■ Aim of the task
Your answer must be an exact repeat of the lines from the one containing "John Jameson &" through the last line of the records, both included, with no pictures.

*** Available records Section Begins ***

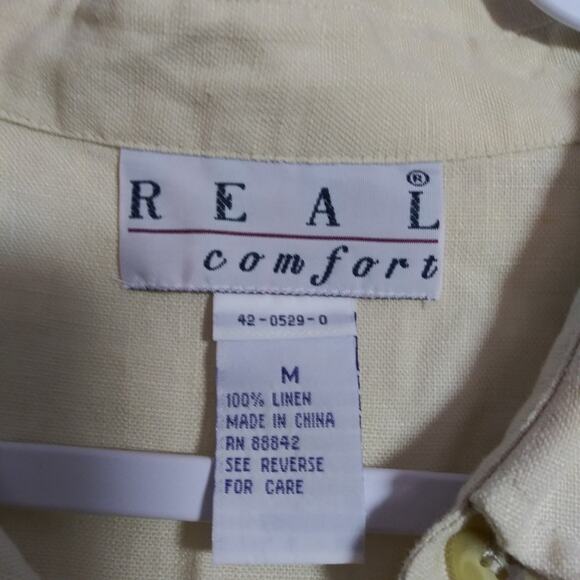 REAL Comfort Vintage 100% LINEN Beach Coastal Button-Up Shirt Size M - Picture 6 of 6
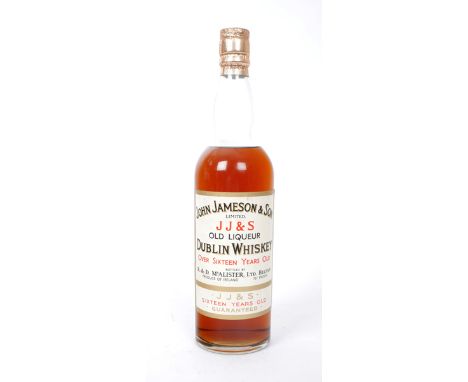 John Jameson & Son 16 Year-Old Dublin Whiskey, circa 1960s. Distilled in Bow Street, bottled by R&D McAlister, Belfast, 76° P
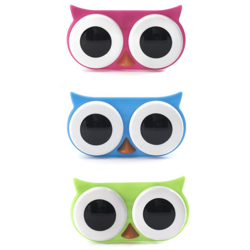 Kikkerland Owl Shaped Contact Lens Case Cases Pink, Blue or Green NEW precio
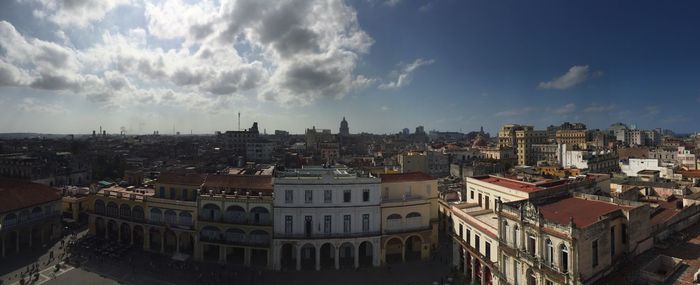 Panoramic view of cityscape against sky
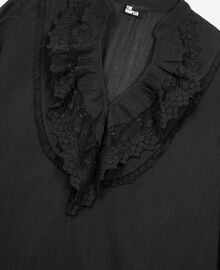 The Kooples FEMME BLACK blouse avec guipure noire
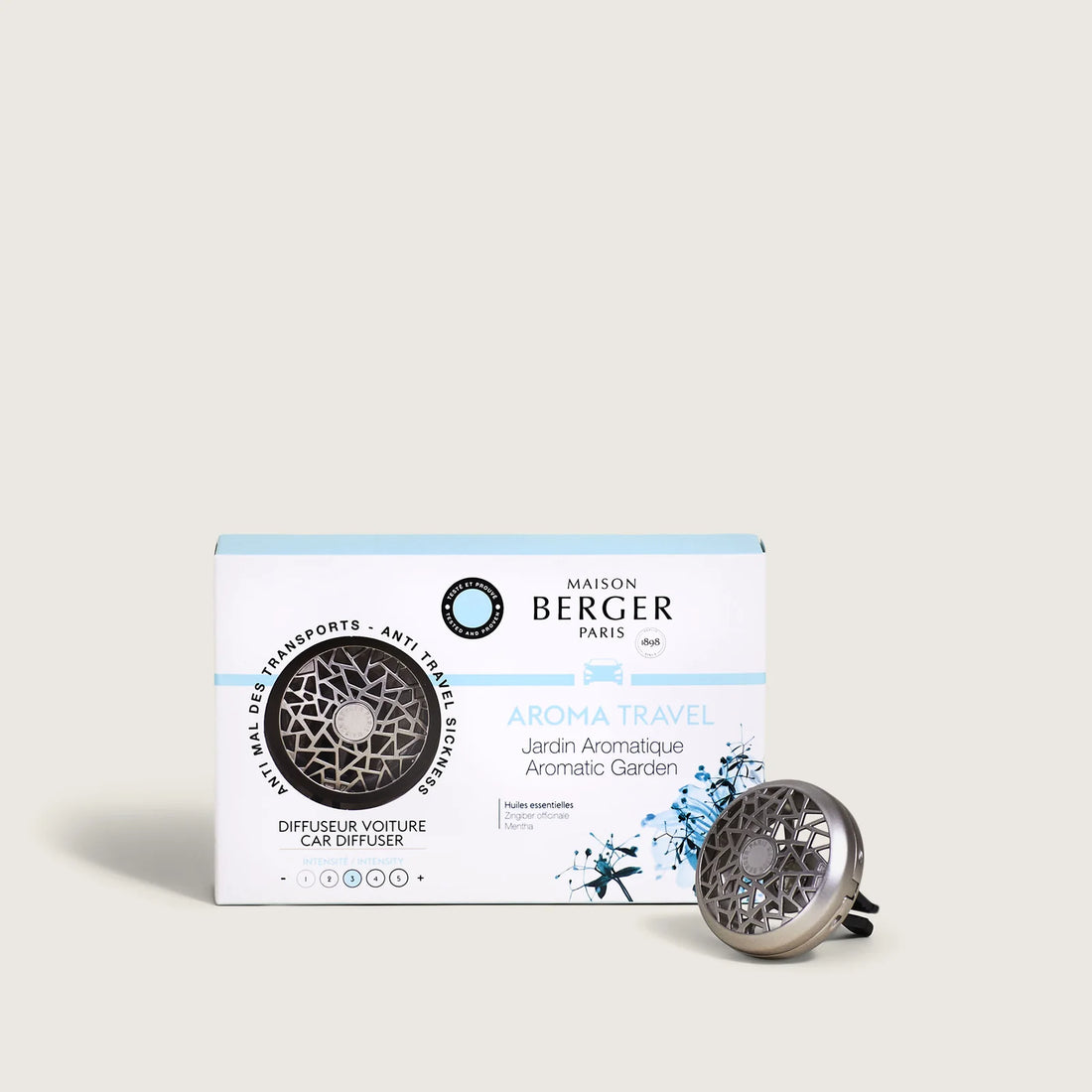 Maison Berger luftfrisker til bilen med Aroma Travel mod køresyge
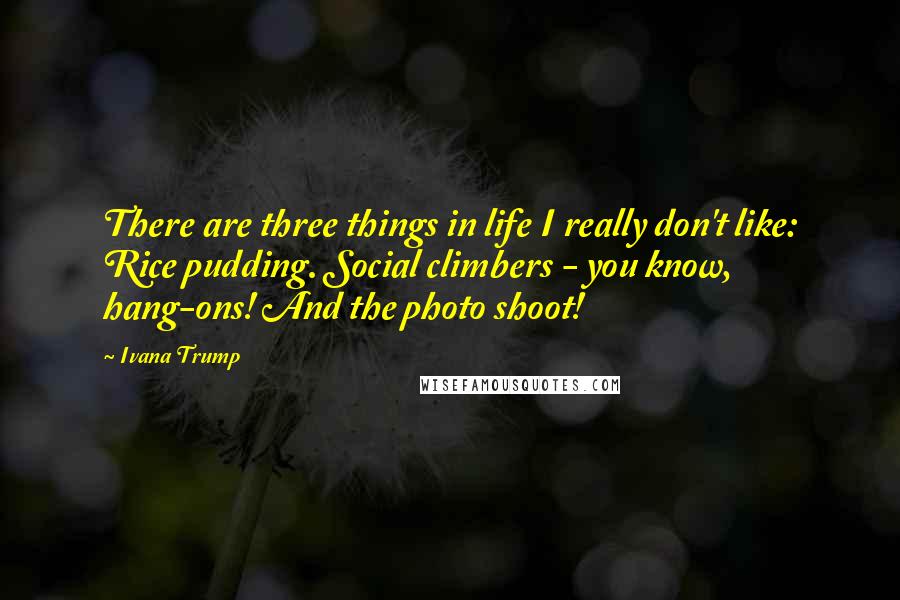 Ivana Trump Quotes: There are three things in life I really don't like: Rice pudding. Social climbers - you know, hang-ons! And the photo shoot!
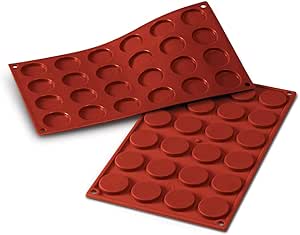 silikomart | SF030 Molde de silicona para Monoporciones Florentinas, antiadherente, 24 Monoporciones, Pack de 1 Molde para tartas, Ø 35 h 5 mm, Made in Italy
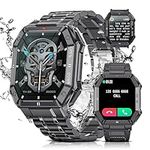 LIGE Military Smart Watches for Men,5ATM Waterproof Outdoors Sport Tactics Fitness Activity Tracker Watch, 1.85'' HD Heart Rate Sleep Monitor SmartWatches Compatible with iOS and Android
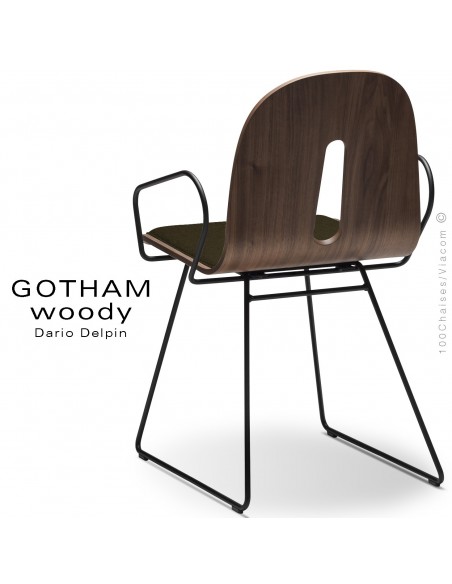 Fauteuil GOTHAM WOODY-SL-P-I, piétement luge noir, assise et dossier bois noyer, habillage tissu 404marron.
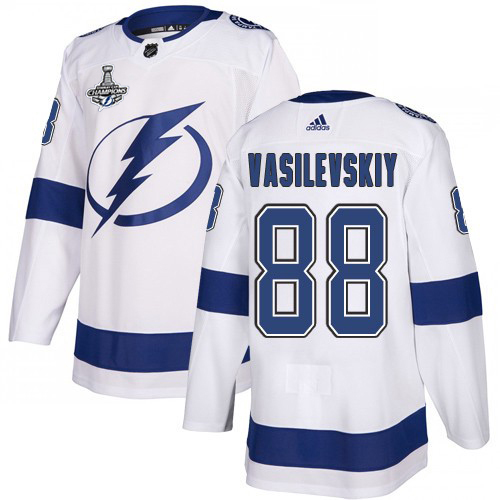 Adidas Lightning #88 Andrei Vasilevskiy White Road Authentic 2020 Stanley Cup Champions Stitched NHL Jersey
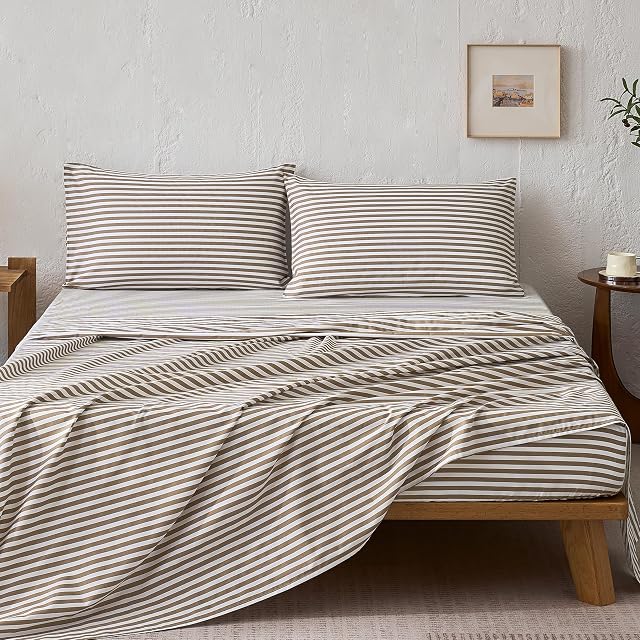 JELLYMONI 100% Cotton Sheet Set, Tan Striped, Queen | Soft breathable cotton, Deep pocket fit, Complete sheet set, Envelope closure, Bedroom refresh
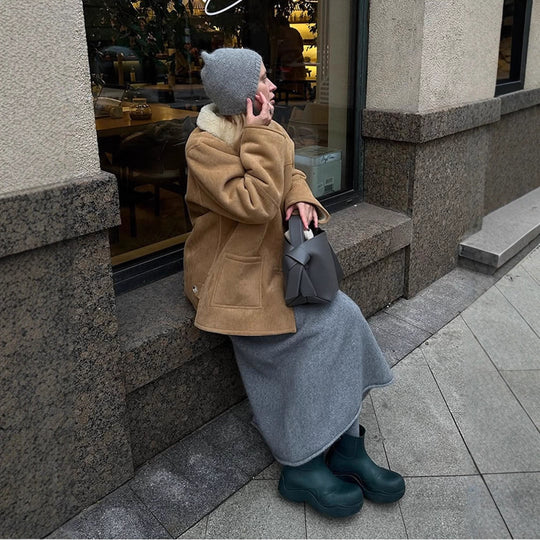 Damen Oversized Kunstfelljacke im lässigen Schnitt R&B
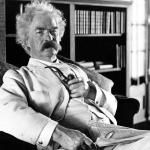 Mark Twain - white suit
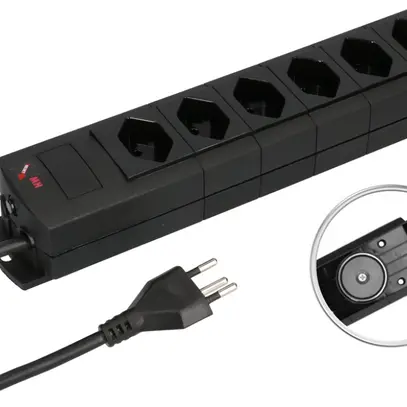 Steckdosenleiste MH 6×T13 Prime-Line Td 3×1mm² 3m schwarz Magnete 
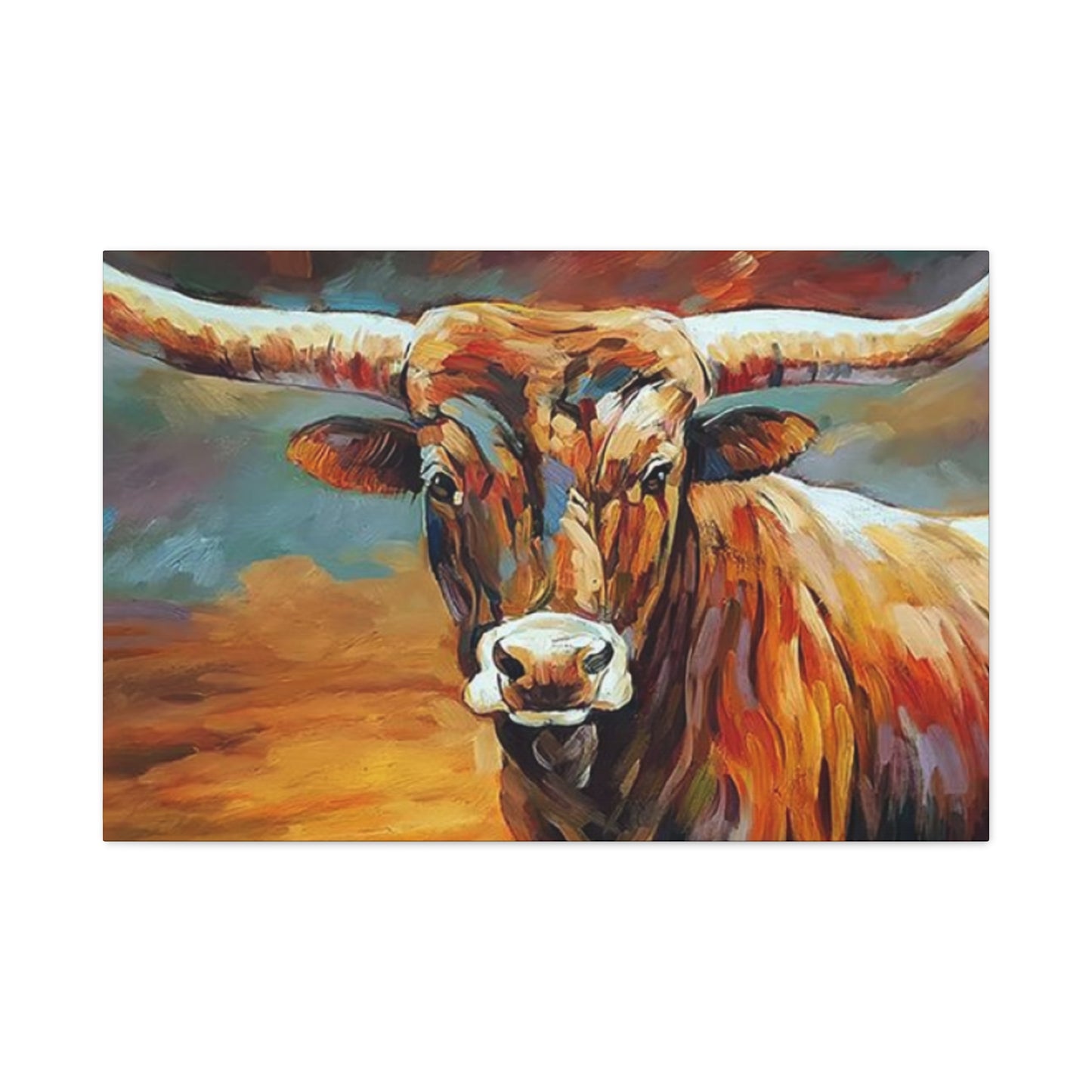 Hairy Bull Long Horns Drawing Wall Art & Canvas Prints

*** Available records Section Ends ***

■ Answer for the task
 John Jameson & Son 16 Year-Old Dublin Whiskey, circa 1960s. Distilled in Bow Street, bottled by R&D McAlister, Belfast, 76° P
 Kikkerland Owl Shaped Contact Lens Case Cases Pink, Blue or Green NEW precio
 Panoramic view of cityscape against sky
 The Kooples FEMME BLACK blouse avec guipure noire
 Maison Berger luftfrisker til bilen med Aroma Travel mod køresyge
 Ivana Trump Quotes: There are three things in life I really don't like: Rice pudding. Social climbers - you know, hang-ons! And the photo shoot!
 silikomart | SF030 Molde de silicona para Monoporciones Florentinas, antiadherente, 24 Monoporciones, Pack de 1 Molde para tartas, Ø 35 h 5 mm, Made in Italy
 LIGE Military Smart Watches for Men,5ATM Waterproof Outdoors Sport Tactics Fitness Activity Tracker Watch, 1.85'' HD Heart Rate Sleep Monitor SmartWatches Compatible with iOS and Android
 Fauteuil GOTHAM WOODY-SL-P-I, piétement luge noir, assise et dossier bois noyer, habillage tissu 404marron.
 Adidas Lightning #88 Andrei Vasilevskiy White Road Authentic 2020 Stanley Cup Champions Stitched NHL Jersey
 JELLYMONI 100% Cotton Sheet Set, Tan Striped, Queen | Soft breathable cotton, Deep pocket fit, Complete sheet set, Envelope closure, Bedroom refresh
 Damen Oversized Kunstfelljacke im lässigen Schnitt R&B
 Mark Twain - white suit
 Steckdosenleiste MH 6×T13 Prime-Line Td 3×1mm² 3m schwarz Magnete 
 Hairy Bull Long Horns Drawing Wall Art & Canvas Prints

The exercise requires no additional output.